• _Your instructions_
The line containing "staircase with attic access" marks the end: copy exactly every line from the start of the records below up to and including it, leaving out pictures.

• _Working data_
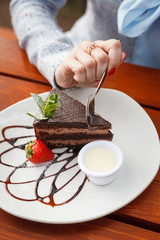 Woman is eating a big piece of chocolate Prague cake with glaze, buttercream and chocolate topping with a small spoon, cutting it in pieces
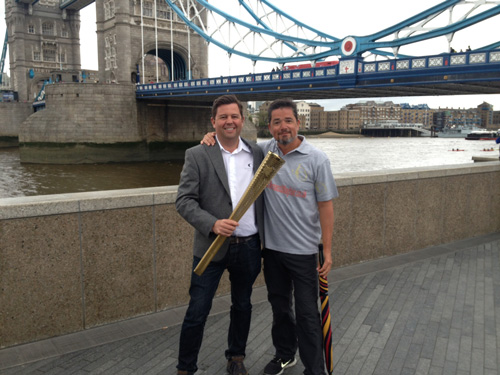 Pete de Bourcier and Synergy Aviation MD Glen Heavens with an Olympic torch during the last few kilometres of the Monaco - Mayfair walk.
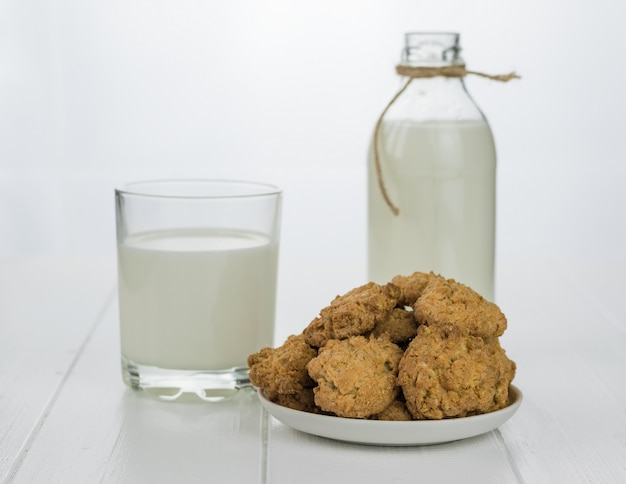 Bol avec des biscuits faits maison de farine et de lait sur une table en bois blanche.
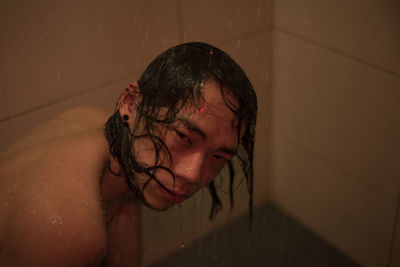 Portrait of young woman in bathroom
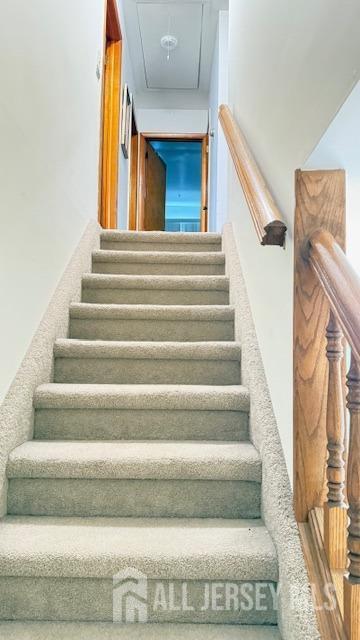 staircase with attic access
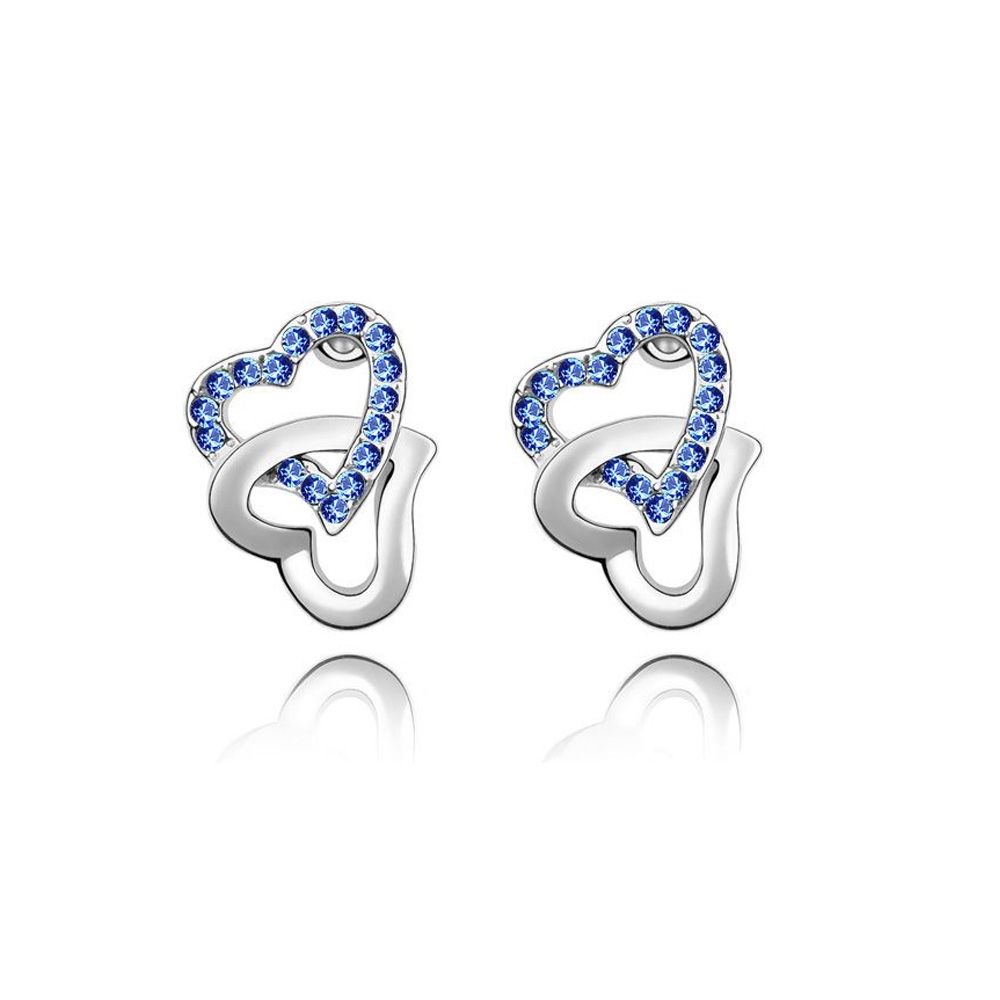 Double Hearts Earrings made with a Blue Crystal from Swarovski This pair of earrings in 18K white gold plated (3 layers) is composed of two intertwined hearts, one of which is made with blue crystals from Swarovski. Size: 17 x 13 mm Suitable for pierced ears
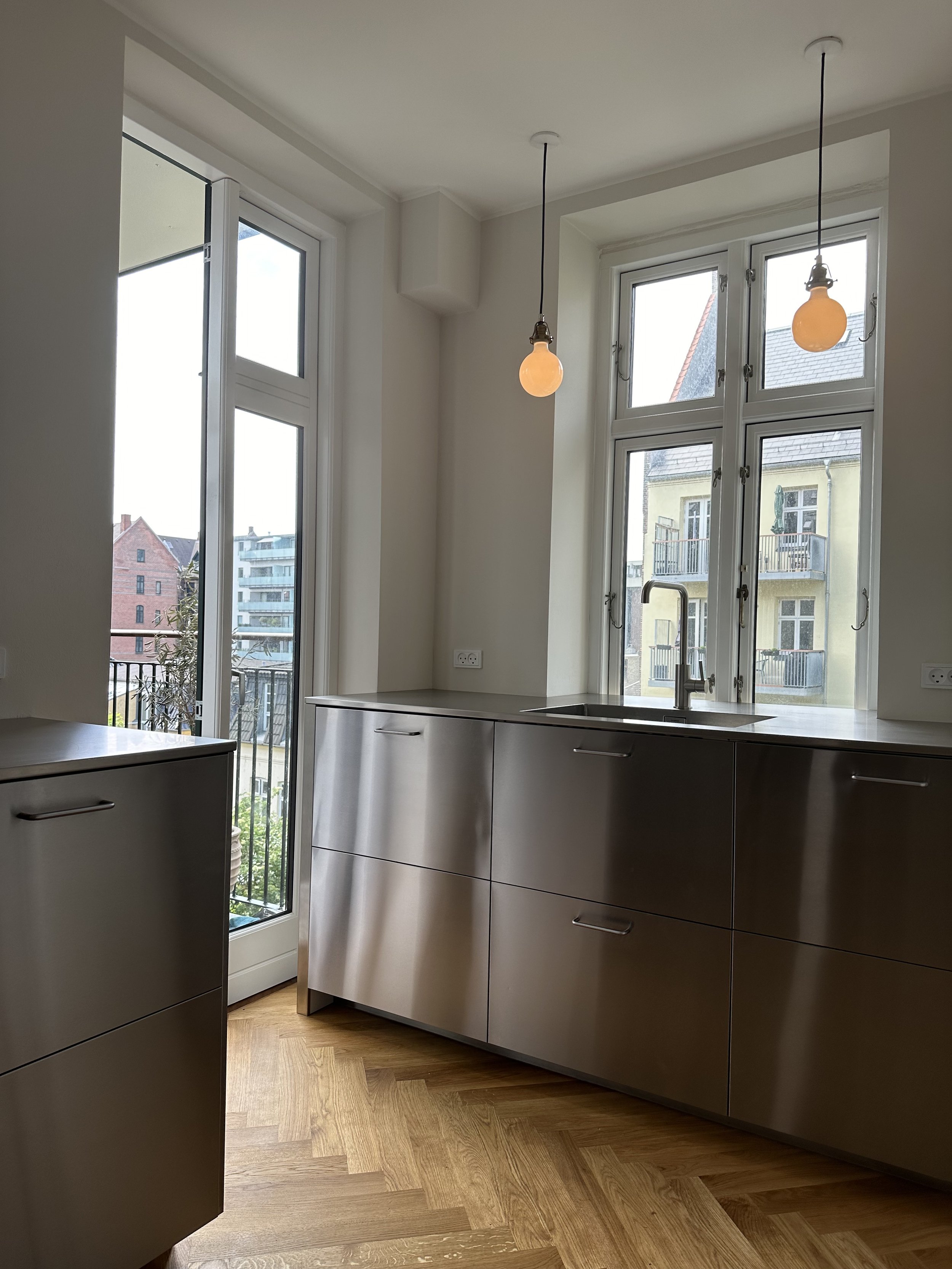Modern kitchen with large windows, wooden flooring, and beige cabinets.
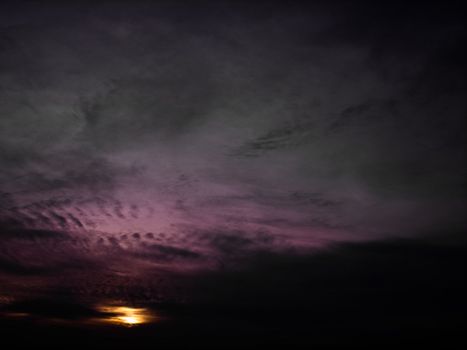 Dark and purplish clouds with the sun shinning at a distance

• _Task output_
 Woman is eating a big piece of chocolate Prague cake with glaze, buttercream and chocolate topping with a small spoon, cutting it in pieces
 Pete de Bourcier and Synergy Aviation MD Glen Heavens with an Olympic torch during the last few kilometres of the Monaco - Mayfair walk.
 Bol avec des biscuits faits maison de farine et de lait sur une table en bois blanche.
 Portrait of young woman in bathroom
 staircase with attic access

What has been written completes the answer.